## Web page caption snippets
⁂
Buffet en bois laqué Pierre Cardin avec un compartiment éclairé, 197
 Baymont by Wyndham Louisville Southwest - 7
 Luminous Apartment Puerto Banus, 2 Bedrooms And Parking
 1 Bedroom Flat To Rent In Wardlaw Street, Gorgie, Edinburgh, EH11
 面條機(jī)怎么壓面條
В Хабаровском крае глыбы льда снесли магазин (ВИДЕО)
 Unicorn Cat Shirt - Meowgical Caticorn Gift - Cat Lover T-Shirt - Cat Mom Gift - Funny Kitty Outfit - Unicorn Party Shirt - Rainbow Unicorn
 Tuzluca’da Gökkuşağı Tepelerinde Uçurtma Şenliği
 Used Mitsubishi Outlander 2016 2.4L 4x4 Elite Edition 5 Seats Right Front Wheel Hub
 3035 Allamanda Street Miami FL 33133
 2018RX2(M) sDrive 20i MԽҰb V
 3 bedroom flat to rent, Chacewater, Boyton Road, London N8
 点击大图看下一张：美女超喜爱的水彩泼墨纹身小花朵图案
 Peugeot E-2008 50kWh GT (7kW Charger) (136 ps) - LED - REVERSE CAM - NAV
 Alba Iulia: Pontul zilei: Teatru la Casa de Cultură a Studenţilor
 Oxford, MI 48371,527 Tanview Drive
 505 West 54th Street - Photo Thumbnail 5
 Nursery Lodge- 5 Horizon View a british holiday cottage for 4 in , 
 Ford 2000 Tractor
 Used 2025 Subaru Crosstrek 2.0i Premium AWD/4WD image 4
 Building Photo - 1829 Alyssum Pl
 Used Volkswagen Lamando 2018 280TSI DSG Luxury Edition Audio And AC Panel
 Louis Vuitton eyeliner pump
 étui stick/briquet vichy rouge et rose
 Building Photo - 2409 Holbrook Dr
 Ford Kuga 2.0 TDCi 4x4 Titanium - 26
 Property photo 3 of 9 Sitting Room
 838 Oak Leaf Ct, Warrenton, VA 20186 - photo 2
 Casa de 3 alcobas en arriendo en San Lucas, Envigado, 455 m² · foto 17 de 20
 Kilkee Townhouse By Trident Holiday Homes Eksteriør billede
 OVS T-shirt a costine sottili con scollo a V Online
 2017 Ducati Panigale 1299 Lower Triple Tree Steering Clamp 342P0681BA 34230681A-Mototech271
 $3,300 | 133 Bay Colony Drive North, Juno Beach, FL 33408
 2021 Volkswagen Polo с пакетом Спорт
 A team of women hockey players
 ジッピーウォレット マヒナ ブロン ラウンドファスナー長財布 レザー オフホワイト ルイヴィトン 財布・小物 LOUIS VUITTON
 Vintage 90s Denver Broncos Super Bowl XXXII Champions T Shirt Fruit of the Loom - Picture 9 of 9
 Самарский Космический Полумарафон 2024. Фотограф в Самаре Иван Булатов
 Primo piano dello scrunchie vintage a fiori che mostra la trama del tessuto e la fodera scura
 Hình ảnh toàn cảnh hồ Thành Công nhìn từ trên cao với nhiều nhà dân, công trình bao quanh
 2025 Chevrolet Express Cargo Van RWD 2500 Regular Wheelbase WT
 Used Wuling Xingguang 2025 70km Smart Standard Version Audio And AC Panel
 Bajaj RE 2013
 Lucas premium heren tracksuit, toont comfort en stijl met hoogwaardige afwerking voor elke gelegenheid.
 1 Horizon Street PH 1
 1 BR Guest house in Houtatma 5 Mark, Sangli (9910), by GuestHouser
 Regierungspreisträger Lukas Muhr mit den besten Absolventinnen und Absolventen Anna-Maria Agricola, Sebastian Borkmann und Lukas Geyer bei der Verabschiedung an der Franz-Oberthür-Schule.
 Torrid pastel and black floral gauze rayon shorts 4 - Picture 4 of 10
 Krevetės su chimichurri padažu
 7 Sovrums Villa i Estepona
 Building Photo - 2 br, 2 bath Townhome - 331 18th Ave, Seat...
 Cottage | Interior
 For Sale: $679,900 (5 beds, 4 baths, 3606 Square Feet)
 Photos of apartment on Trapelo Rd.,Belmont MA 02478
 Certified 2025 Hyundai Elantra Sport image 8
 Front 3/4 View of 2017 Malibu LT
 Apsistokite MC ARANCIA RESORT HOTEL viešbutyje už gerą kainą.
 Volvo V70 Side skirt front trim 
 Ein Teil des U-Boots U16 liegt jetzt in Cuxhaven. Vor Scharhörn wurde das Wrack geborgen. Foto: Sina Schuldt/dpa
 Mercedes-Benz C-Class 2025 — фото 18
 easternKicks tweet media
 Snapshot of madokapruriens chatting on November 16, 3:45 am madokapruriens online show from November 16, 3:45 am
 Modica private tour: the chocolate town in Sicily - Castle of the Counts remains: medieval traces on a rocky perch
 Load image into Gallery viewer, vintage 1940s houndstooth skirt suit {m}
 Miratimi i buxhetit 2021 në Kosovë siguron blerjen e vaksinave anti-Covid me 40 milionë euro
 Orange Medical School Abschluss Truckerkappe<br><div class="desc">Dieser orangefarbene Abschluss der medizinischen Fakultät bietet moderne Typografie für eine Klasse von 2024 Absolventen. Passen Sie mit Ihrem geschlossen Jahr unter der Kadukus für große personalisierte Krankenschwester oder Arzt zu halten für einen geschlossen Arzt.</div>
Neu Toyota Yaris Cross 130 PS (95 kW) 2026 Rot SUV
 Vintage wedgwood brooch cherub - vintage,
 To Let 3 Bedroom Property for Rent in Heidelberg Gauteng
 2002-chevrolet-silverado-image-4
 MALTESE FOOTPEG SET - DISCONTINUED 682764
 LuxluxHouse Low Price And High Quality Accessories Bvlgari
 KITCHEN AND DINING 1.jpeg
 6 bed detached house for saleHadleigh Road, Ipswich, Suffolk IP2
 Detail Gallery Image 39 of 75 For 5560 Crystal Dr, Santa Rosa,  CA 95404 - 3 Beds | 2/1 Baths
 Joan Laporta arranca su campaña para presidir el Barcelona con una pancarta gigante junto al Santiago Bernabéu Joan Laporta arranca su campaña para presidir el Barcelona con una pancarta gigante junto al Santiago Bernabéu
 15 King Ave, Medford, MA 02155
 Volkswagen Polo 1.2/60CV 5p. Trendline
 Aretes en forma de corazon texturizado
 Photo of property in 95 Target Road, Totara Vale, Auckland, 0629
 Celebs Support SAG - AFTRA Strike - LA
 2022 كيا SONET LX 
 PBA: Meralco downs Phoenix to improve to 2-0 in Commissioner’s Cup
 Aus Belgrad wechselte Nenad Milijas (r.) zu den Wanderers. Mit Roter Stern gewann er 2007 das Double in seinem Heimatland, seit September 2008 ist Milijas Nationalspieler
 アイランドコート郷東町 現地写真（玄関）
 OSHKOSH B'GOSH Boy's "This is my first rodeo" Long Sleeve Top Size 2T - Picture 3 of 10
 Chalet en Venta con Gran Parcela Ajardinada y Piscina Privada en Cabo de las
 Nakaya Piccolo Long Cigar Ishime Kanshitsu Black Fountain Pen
⁂
## WHAT IS EXPECTED
Restate word for word only the lines above from the line containing "1 Bedroom Flat" to the line containing "A team of women hockey players", both of them included.

## TASK ANSWER
 1 Bedroom Flat To Rent In Wardlaw Street, Gorgie, Edinburgh, EH11
 面條機(jī)怎么壓面條
В Хабаровском крае глыбы льда снесли магазин (ВИДЕО)
 Unicorn Cat Shirt - Meowgical Caticorn Gift - Cat Lover T-Shirt - Cat Mom Gift - Funny Kitty Outfit - Unicorn Party Shirt - Rainbow Unicorn
 Tuzluca’da Gökkuşağı Tepelerinde Uçurtma Şenliği
 Used Mitsubishi Outlander 2016 2.4L 4x4 Elite Edition 5 Seats Right Front Wheel Hub
 3035 Allamanda Street Miami FL 33133
 2018RX2(M) sDrive 20i MԽҰb V
 3 bedroom flat to rent, Chacewater, Boyton Road, London N8
 点击大图看下一张：美女超喜爱的水彩泼墨纹身小花朵图案
 Peugeot E-2008 50kWh GT (7kW Charger) (136 ps) - LED - REVERSE CAM - NAV
 Alba Iulia: Pontul zilei: Teatru la Casa de Cultură a Studenţilor
 Oxford, MI 48371,527 Tanview Drive
 505 West 54th Street - Photo Thumbnail 5
 Nursery Lodge- 5 Horizon View a british holiday cottage for 4 in , 
 Ford 2000 Tractor
 Used 2025 Subaru Crosstrek 2.0i Premium AWD/4WD image 4
 Building Photo - 1829 Alyssum Pl
 Used Volkswagen Lamando 2018 280TSI DSG Luxury Edition Audio And AC Panel
 Louis Vuitton eyeliner pump
 étui stick/briquet vichy rouge et rose
 Building Photo - 2409 Holbrook Dr
 Ford Kuga 2.0 TDCi 4x4 Titanium - 26
 Property photo 3 of 9 Sitting Room
 838 Oak Leaf Ct, Warrenton, VA 20186 - photo 2
 Casa de 3 alcobas en arriendo en San Lucas, Envigado, 455 m² · foto 17 de 20
 Kilkee Townhouse By Trident Holiday Homes Eksteriør billede
 OVS T-shirt a costine sottili con scollo a V Online
 2017 Ducati Panigale 1299 Lower Triple Tree Steering Clamp 342P0681BA 34230681A-Mototech271
 $3,300 | 133 Bay Colony Drive North, Juno Beach, FL 33408
 2021 Volkswagen Polo с пакетом Спорт
 A team of women hockey players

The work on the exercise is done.